As the pair wends its way through the forest, trying to find help for Takumi’s slashed wrists, the story of Arthur’s strained marriage to Joan unfolds, revealing his deepest regrets. Sometimes The Sea of Trees is able to transmit the silent, ghostly beauty of Aokigahara, but the film’s unwillingness to engage with Japan as anything other than a cool setting is a real problem.

The film implicitly argues that being forced to survive can reawaken the will to live. At times, surprising action sequences drive home this compelling premise . McConaughey excels in action-hero mode, falling off rock faces and building fires against all odds. One doesn’t necessarily expect this degree of action from a director like Van Sant, but these scenes energize an otherwise fairly inert movie.

The Sea of Trees loses something crucial by focusing entirely on a Western man who has lost the will to live. When Arthur asks his Japanese counterpart why he came to die in the forest, Takumi answers that he was demoted at work. Arthur shoots him a surprised look that says, “Why would anyone want to kill themselves over work?” This is one of the few moments in the film when Takumi is developed as a character; unfortunately, it only serves to reduce him to a data point about Japan’s suicide epidemic.

The film fails to give Aokigahara any culturally specific texture, choosing to focus instead on Arthur’s suffering in America. His tragedy, related in great depth and detail, is presented as epic. The asymmetry in the degrees to which the two characters are allowed to be full people becomes increasingly grating as the film wears on. This asymmetry, in turn, reflects the degree to which Americans consider other cultures to be real.
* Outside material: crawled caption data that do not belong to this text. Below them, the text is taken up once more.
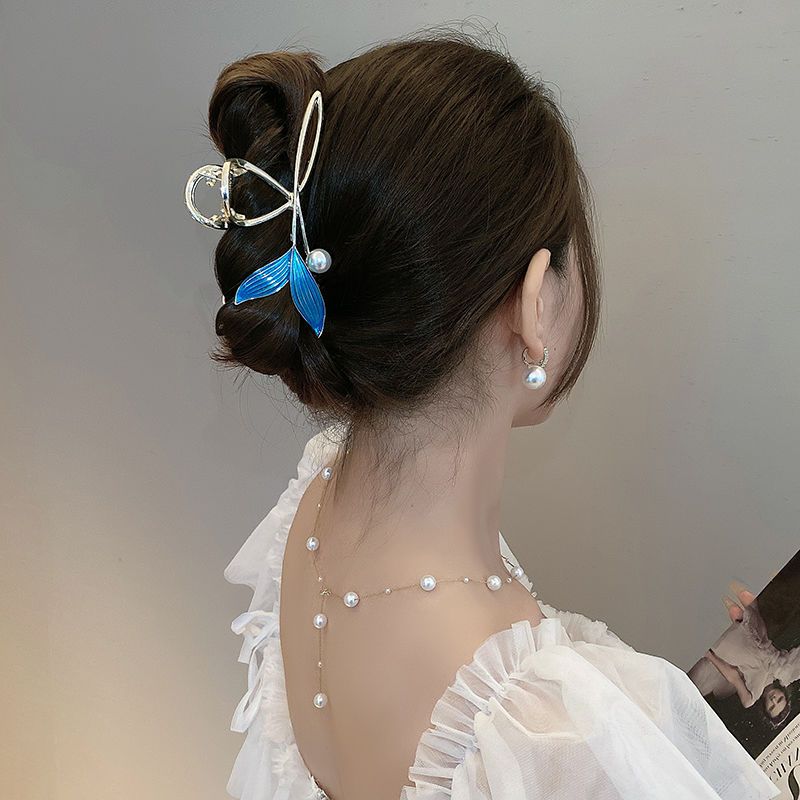 Blue Pearl Exquisite Fishtail Hairpin Large Grab Back of the Head Summer Hair Grab Temperament Shark Clip Headdress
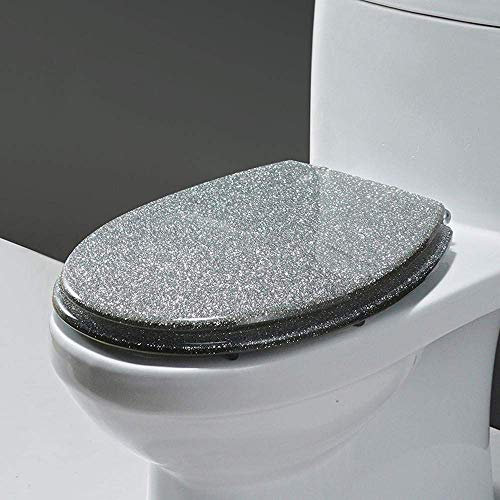 Toilettensitz, Toilettendeckel, Familien-Toilettensitz, Absenkautomatik mit Schnellverschluss, einfache Reinigung, Harz-Edelstahlscharniere, Toilettensitz-Deckelbezug für Badezimmer, Orange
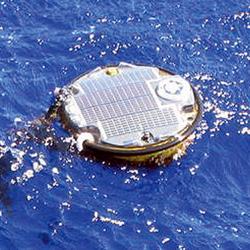 An Airborne Technologies buoy floats on the ocean’s surface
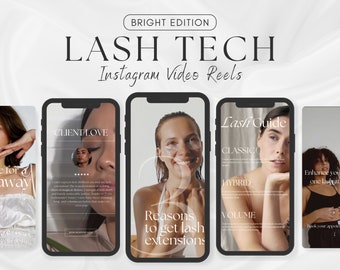 May include: Four phone screens showing different Instagram Reels for a lash technician. The first screen says "Time for a giveaway". The second screen says "Client Love" and has a testimonial. The third screen says "Reasons to get lash extensions". The fourth screen says "Lash Guide" and lists different lash styles: Classic, Hybrid, and Volume.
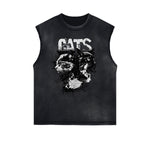 Distressed Sleeveless Cat Pattern Tee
The suicide forest seems to have recently become a source of fascination in the West. The Sea of Trees arrives on the heels of another American film about Aokigahara, The Forest, a horror flick that has been widely accused of whitewashing its setting. While these kinds of cultural erasures are common in the horror genre, it’s surprising that Van Sant, a director known for his smart and sensitive style, would be so blind to the cultural differences that render a true sense of place.